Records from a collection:
%%

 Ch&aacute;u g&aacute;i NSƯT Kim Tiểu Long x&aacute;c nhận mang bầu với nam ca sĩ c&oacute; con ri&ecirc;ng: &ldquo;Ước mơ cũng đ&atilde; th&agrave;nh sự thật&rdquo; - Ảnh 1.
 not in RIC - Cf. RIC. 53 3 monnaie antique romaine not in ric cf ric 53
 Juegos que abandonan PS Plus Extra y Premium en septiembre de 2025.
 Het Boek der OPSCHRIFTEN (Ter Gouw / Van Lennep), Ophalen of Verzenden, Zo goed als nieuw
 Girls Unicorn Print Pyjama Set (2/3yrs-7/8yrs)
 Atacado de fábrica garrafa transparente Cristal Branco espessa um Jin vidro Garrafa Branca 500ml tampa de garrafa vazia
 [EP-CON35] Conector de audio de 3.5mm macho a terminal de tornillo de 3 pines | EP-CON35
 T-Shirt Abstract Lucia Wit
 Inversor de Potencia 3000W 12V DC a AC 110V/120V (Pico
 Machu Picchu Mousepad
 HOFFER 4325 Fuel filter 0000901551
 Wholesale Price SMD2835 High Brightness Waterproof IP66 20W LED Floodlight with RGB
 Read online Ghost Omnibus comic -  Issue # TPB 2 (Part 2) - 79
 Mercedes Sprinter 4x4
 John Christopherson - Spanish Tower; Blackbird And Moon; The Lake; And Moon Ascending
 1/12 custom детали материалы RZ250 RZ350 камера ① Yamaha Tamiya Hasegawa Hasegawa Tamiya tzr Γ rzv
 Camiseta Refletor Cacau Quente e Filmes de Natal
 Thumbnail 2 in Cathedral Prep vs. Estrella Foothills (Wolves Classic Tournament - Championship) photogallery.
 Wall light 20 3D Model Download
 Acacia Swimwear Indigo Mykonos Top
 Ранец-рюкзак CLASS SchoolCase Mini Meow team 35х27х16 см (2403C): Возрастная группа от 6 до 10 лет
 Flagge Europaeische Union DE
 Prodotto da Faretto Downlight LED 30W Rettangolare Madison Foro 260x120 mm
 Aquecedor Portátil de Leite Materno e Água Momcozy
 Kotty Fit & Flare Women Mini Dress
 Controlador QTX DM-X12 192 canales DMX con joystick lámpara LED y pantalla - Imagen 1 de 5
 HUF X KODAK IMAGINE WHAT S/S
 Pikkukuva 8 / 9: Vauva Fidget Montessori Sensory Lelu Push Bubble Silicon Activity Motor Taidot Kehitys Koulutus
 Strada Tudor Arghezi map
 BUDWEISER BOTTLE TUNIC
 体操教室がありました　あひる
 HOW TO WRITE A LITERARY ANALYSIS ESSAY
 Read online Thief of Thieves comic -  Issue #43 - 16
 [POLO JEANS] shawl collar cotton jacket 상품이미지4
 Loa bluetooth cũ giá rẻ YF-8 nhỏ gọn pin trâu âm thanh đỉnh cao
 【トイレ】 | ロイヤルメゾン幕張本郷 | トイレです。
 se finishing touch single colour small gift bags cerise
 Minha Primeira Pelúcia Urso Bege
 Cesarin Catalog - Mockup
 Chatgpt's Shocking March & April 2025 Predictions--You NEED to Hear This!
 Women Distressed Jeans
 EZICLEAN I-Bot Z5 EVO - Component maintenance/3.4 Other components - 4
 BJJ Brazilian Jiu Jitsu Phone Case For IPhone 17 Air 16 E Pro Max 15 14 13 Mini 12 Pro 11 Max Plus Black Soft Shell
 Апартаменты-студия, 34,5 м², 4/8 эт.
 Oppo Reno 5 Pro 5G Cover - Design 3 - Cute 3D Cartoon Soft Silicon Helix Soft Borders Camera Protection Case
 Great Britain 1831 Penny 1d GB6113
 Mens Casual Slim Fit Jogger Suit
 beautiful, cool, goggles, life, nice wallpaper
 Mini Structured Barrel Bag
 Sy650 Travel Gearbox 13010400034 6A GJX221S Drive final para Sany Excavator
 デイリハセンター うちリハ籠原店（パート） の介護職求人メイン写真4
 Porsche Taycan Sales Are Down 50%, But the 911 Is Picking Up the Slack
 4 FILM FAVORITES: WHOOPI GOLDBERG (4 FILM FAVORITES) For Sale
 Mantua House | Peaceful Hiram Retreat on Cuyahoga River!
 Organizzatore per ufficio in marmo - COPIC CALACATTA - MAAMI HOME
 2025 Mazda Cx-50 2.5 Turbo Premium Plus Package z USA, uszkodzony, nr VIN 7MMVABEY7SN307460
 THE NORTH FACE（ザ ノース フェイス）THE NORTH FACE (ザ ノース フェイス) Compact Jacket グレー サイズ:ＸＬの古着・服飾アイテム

%%

The task: Look back at the entries above. Retype the line with "Porsche Taycan Sales", the line with "2025 Mazda Cx-50", and all lines in between.

Result of this exercise:
 Porsche Taycan Sales Are Down 50%, But the 911 Is Picking Up the Slack
 4 FILM FAVORITES: WHOOPI GOLDBERG (4 FILM FAVORITES) For Sale
 Mantua House | Peaceful Hiram Retreat on Cuyahoga River!
 Organizzatore per ufficio in marmo - COPIC CALACATTA - MAAMI HOME
 2025 Mazda Cx-50 2.5 Turbo Premium Plus Package z USA, uszkodzony, nr VIN 7MMVABEY7SN307460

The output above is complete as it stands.